• Work task: Copy only what lies from the line containing "Vaduvanchal Hotel | Chandragiri Bungalow" through the line containing "Pinewood Hotel Rome-1" in the entries below, keeping both end lines exact and dropping every picture.

• Material for this task:
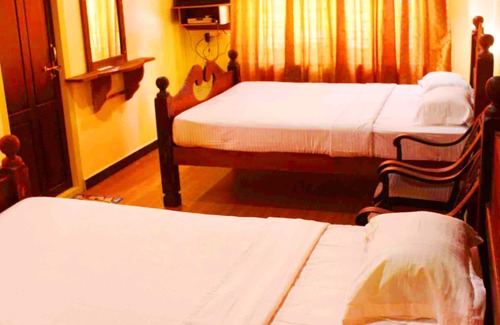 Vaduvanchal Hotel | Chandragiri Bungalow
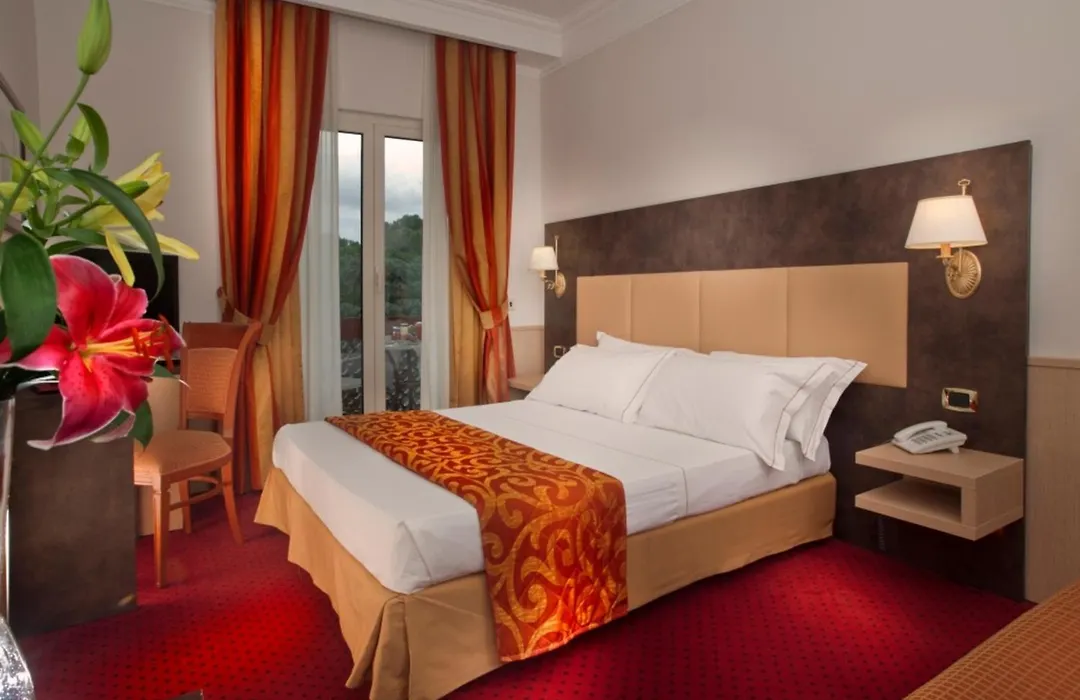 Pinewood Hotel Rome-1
---
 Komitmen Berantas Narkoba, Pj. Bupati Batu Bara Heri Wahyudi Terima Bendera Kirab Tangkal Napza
--
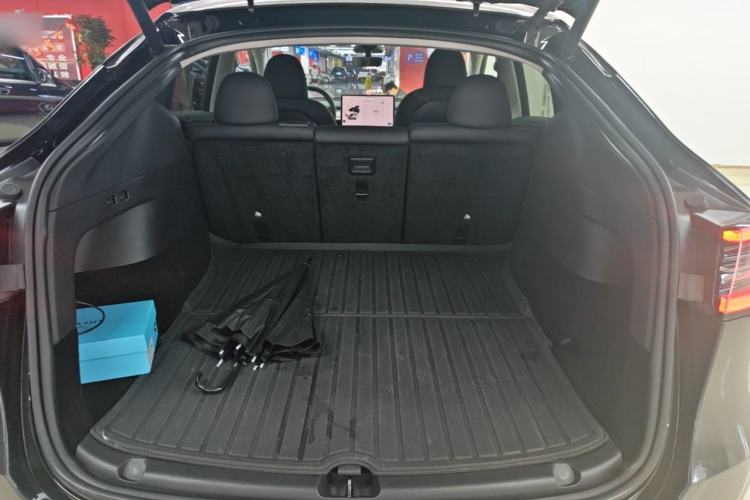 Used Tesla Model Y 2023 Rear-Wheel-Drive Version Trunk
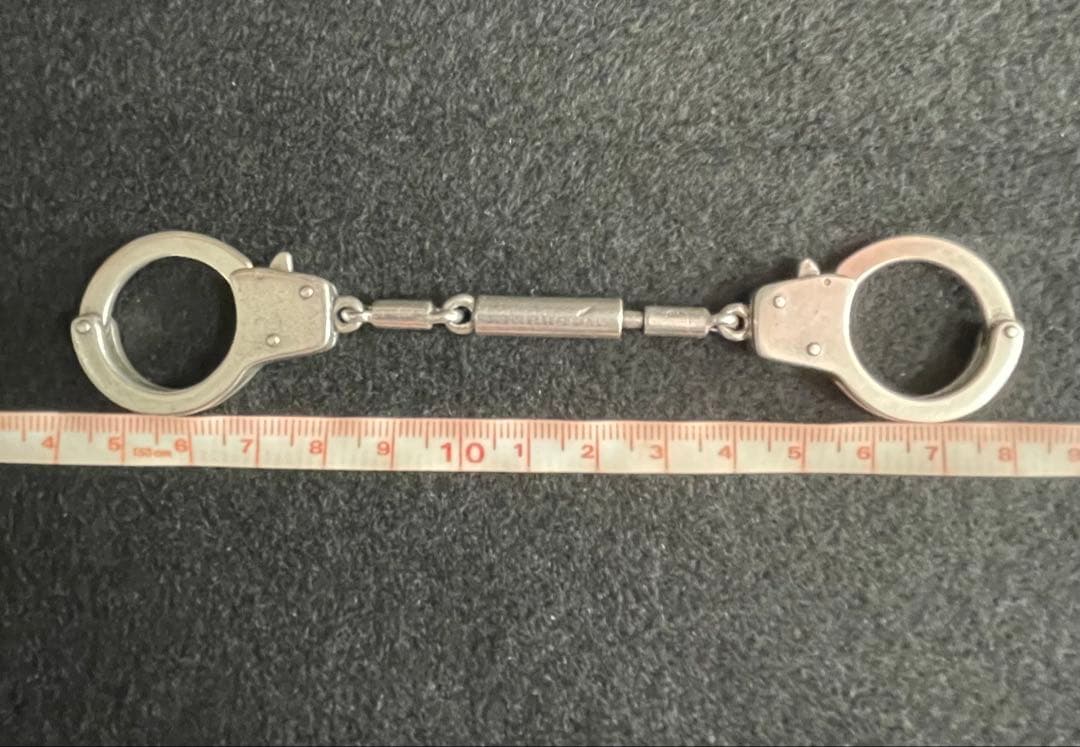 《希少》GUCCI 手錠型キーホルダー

• Exercise answer:
 Vaduvanchal Hotel | Chandragiri Bungalow
 Pinewood Hotel Rome-1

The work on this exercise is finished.